Bearish and Bullish Strategies
Now that you understand long and short positions, you can match each strategy to the right market outlook. This section ties together everything from this unit: order types, positions, and risk.
Market Outlook Definitions
- Bullish: expecting the market or a security to rise in price
- Bearish: expecting the market or a security to fall in price
Exam Tip: Gotchas
Do not confuse the outlook with the strategy. Bullish strategies profit when prices rise; bearish strategies profit when prices fall. Some strategies (like selling puts) are bullish despite involving an option sale.
Strategy Summary Table
| Strategy | Market Outlook | Maximum Gain | Maximum Loss |
|---|---|---|---|
| Buy stock (long) | Bullish | Unlimited | Limited to purchase price |
| Short sell stock | Bearish | Limited to sale price | Unlimited |
| Buy call option | Bullish | Unlimited | Limited to premium paid |
| Buy put option | Bearish | Limited (strike price minus premium) | Limited to premium paid |
| Sell (write) call | Bearish/neutral | Limited to premium received | Unlimited (if naked) |
| Sell (write) put | Bullish/neutral | Limited to premium received | Limited (strike price minus premium) |
Exam Tip: Gotchas
A short sale and a naked call both carry unlimited loss potential because the underlying price can rise without bound. Option buyers always have limited loss (only the premium paid).
Bullish Strategies
If you expect prices to rise:
- Buy stock (go long): the most straightforward bullish strategy. You own the stock and profit directly from price increases
- Buy a call option: gives you the right to buy at the strike price. If the stock rises above the strike, your call gains value. Your maximum loss is limited to the premium you paid
- Sell (write) a put option: you collect the premium and hope the stock stays above the strike price so the put expires worthless. Your maximum gain is limited to the premium received
Exam Tip: Gotchas
Selling a put is bullish, not bearish. The writer wants the stock to stay above the strike so the put expires worthless.
Bearish Strategies
If you expect prices to fall:
- Short sell stock: borrow and sell the stock, then buy it back at a lower price. Maximum loss is unlimited because the stock can rise indefinitely
- Buy a put option: gives you the right to sell at the strike price. If the stock drops below the strike, your put gains value. Your maximum loss is limited to the premium paid
- Sell (write) a call option: you collect the premium and hope the stock stays below the strike price so the call expires worthless. If naked, your maximum loss is unlimited
Exam Tip: Gotchas
Selling a call is bearish/neutral, not bullish. The writer wants the stock to stay at or below the strike so the call expires worthless. A naked call carries unlimited loss.

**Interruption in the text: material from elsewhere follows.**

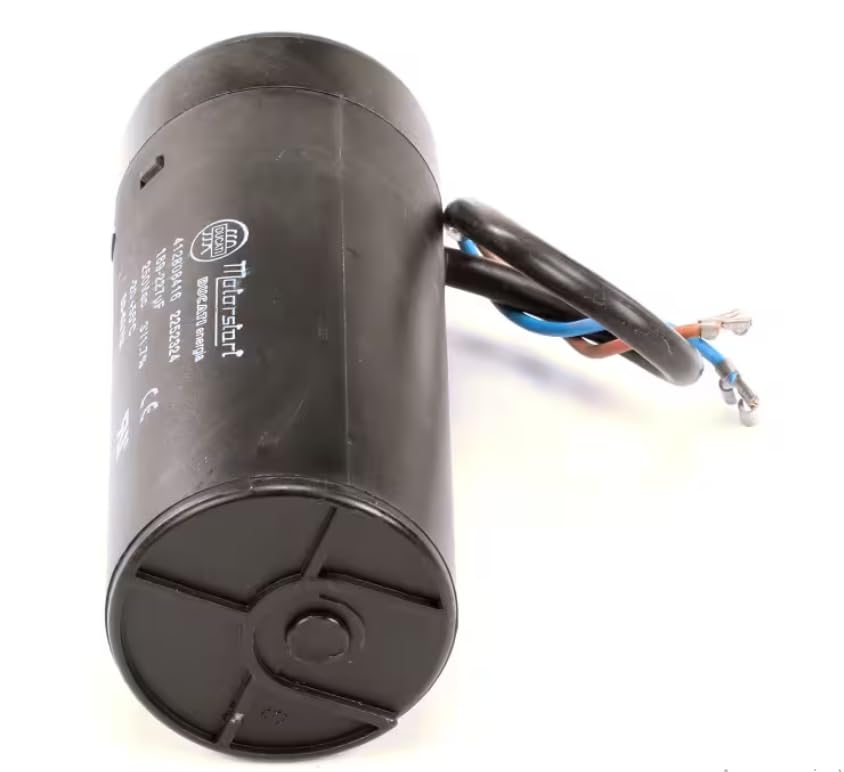 W34/16 Start Capacitor, Compressor for 186114BSTMP(R290), 186114BUCMP(R290)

Matching Strategy to Risk Tolerance
| Risk Level | Bullish Strategy | Bearish Strategy |
|---|---|---|
| Conservative (limited loss) | Buy call (max loss = premium) | Buy put (max loss = premium) |
| Moderate | Buy stock (max loss = purchase price) | Sell call, covered (max loss = stock decline minus premium) |
| Aggressive (unlimited loss possible) | Sell put (substantial loss if stock drops) | Short sell stock (unlimited loss) or sell naked call (unlimited loss) |
Exam Tip: Gotchas
Option buyers always have limited risk (they can only lose the premium paid). Option sellers (writers) take on greater risk; potentially unlimited risk for naked call writers. The exam will test whether you can identify the maximum gain and maximum loss for each strategy.